Silky. Cold. The kind of thing you eat slowly because it deserves it.
Budino — Italian pudding, set and cool, served in small cups — is one of those desserts that sounds unassuming until you eat it. Then you understand why every trattoria in Sicily has a version. It's not complicated. It doesn't need to be. The almond does the work.

Almond pudding, silky and cold.
Ingredients
- 3 tablespoons Tutto Sicilia Almond Cream
- 500ml whole milk
- 2 tablespoons caster sugar or honey
- 1 teaspoon vanilla extract
- 7g gelatin
- To serve: toasted almond flakes, crumbles of cookies, a thread of honey, or fresh berries, a powdering of cocoa..
Instructions
- Mix and soak gelatin in cold water for 5 minutes until bloomed.

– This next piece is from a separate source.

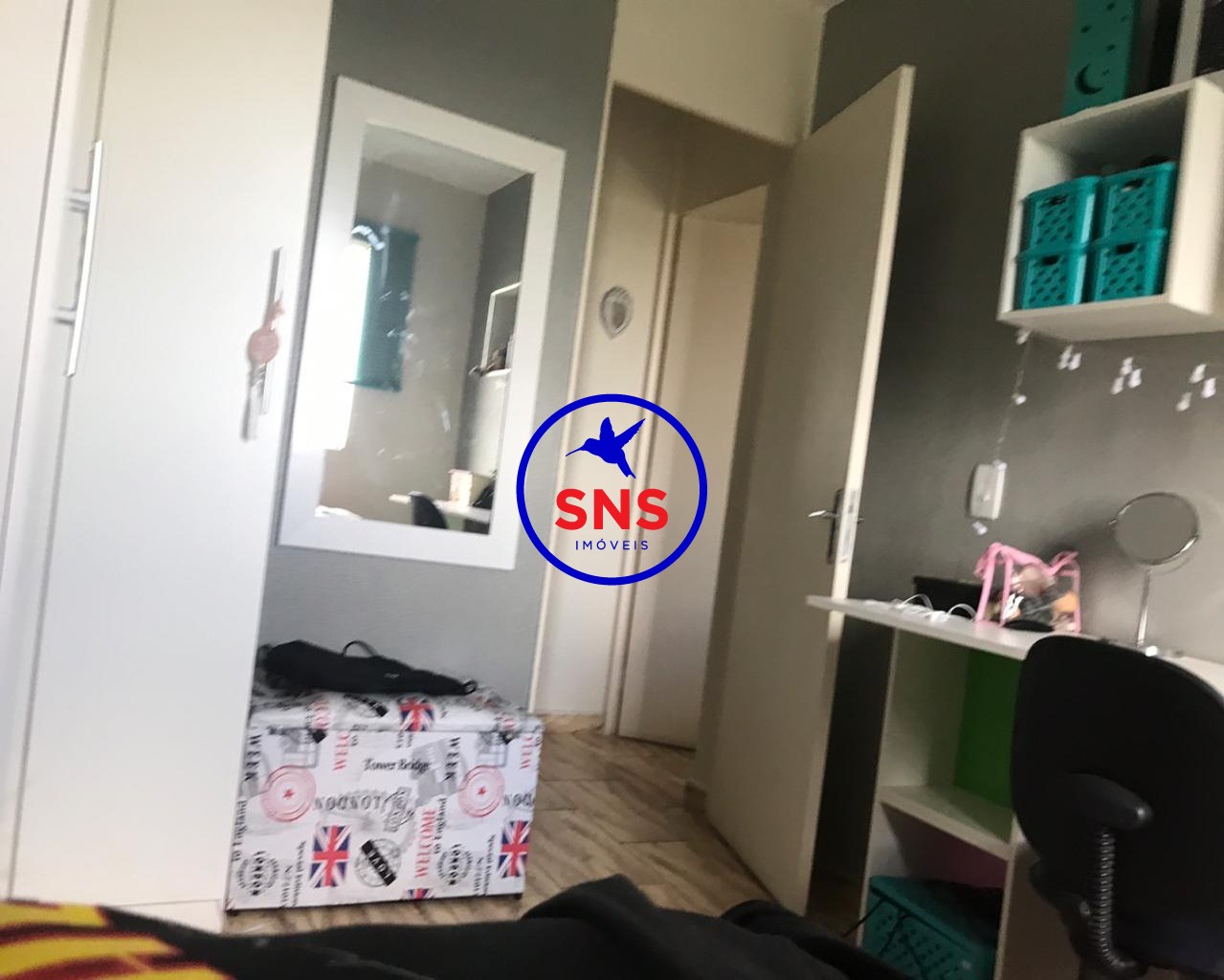 Apartamento à venda com 2 quartos, 60m² - Foto 12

- Warm milk in a saucepan over medium heat until steaming but not boiling.
- Stir in almond cream, sugar, and vanilla until completely smooth.
- Add blooned gelatin to the warm milk. Stir until melted.
- Pour into 4 small cups or moulds. Cool slightly, then refrigerate for at least 2 hours until set.
- To serve: run a thin knife around the edge and turn out onto a plate, or eat directly from the cup.
- Top with toasted almonds, cookie crumbles, a powdering of cocoa and a thread of honey poured a filo.
Nonna's Notes
She made this for anyone who needed something gentle. A cold, quiet, very good pudding is a form of care. Make it for someone.
Using almond cream instead of ground almonds shortcuts the process without shortcutting the flavour. The cream is already smooth, already intensely almond, already doing everything you'd spend an hour coaxing out of blanched and blended nuts. You stir it into warm milk, add a little honey, a touch of vanilla, and set it with gelatin. That's the whole thing.
Make it before dinner for the easiest impressive dessert in your repertoire. It sets in the fridge in about two hours and comes out of the cup like a small, beautiful Sicilian secret.
This is the dessert that proves you don't need technique. You need good ingredients and a little patience with the fridge.